Atravessar universos, histórias, limites, personagens, sentimentos, pessoas.
Esse projeto quer mostrar a potência do teatro como elemento de propagação de
cultura, despertando a percepção de crianças sobre esse elemento artístico.
Queremos que elas atravessem todas as barreiras e entrem no mundo mágico do
teatro". Pois o dinheiro captado para apresentar "o mundo mágico do
teatro" a crianças carentes acabou usado para pagar despesas de uma festa
de casamento para 120 pessoas em Jurerê Internacional, a praia mais badalada de
Florianópolis, conhecida como "a Ibiza brasileira". Se algo
atravessou limites nesse caso, foi o cinismo.

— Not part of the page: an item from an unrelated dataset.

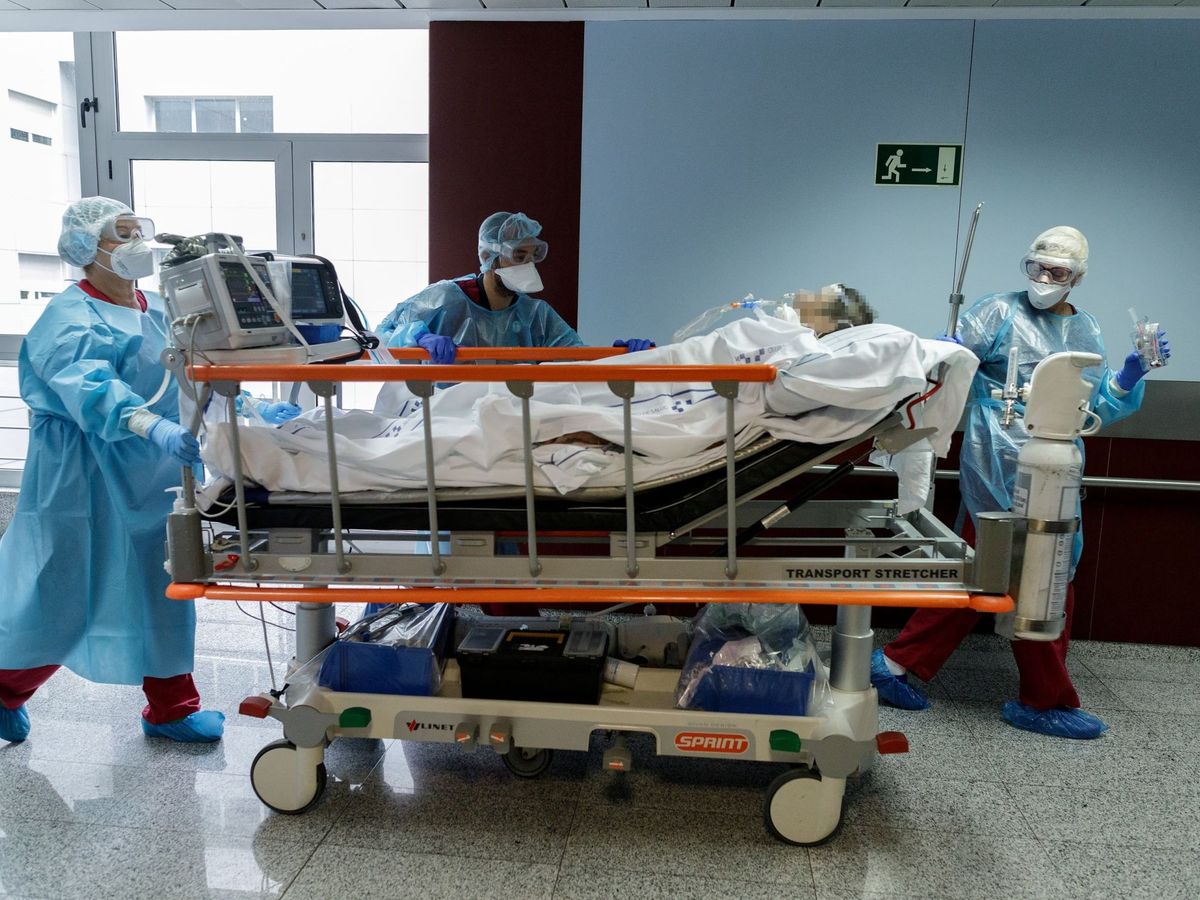 Foto: Sanitarios llevan a un enfermo de covid-19 en el Hospital Nuestra Señora de la Candelaria (Santa Cruz de Tenerife). (EFE)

A Lei Rouanet, criada em 1991, autoriza grupos ou artistas que tenham
projetos culturais aprovados pelo Ministério da Cultura a captar dinheiro com
empresas, que, em troca, ganham o direito de deduzir do imposto de renda parte
do valor do patrocínio. Segundo a Polícia Federal, a Logística era uma das onze
empresas usadas pelo Grupo Bellini Cultural para desviar dinheiro destinado ao
fomento da cultura para o bolso dos seus sócios, entre eles Felipe Vaz Amorim,
o noivo de Jurerê, seu irmão, Bruno Vaz Amorim, e seu pai, Antonio Carlos
Bellini Amorim, todos presos na semana passada. No casamento de Felipe, o cachê
de 13 216 reais pago ao cantor sertanejo
Leo Rodriguez, por exemplo, saiu do dinheiro captado pela Logística. Como
confirma Lincoln Porto, advogado da empresa que assessora o cantor: "Eles
pediram que constasse no corpo da nota fiscal que a despesa se referia ao
projeto tal". O projeto "tal" era o das criancinhas carentes que
precisavam conhecer a magia do teatro e chamava-se Minha Cidade. Junto com ele,
a Logística apresentou um segundo projeto ao MinC, batizado de Caminhos
Sinfônicos (objetivo: organizar apresentações gratuitas de música clássica para
mostrar que o gênero "não é um privilégio da elite"). Com a aprovação
dos dois projetos, a Logística foi autorizada a captar 1,8 milhão de reais no
mercado. A PF não sabe se esse valor foi integralmente usado para bancar as
despesas do casamento.
Segundo os investigadores, em vinte anos a Bellini Cultural recebeu
autorização para captar 180 milhões de reais por meio de justificativas fajutas
encaminhadas ao Ministério da Cultura. A polícia já sabe que boa parte do
dinheiro foi usada para contratar artistas conhecidos que se apresentavam a
seletos grupos ou em festas de empresas. Por intermédio da Bellini, e cortesia
da Lei Rouanet, um grupo atacadista de alimentos, por exemplo, bancou a
apresentação da banda Jota Quest a 4 000
convidados, e um dos escritórios de advocacia mais renomados de São Paulo
contou com show do comediante Fábio Porchat em sua festa de aniversário.
Segundo o Ministério Público, há cinco anos o MinC foi informado das fraudes
cometidas pela Bellini. Mesmo assim, seguiu aprovando os projetos do grupo.
Quem fez vista grossa à farra e por que motivo são as perguntas a que o MP e a
polícia pretendem responder em breve.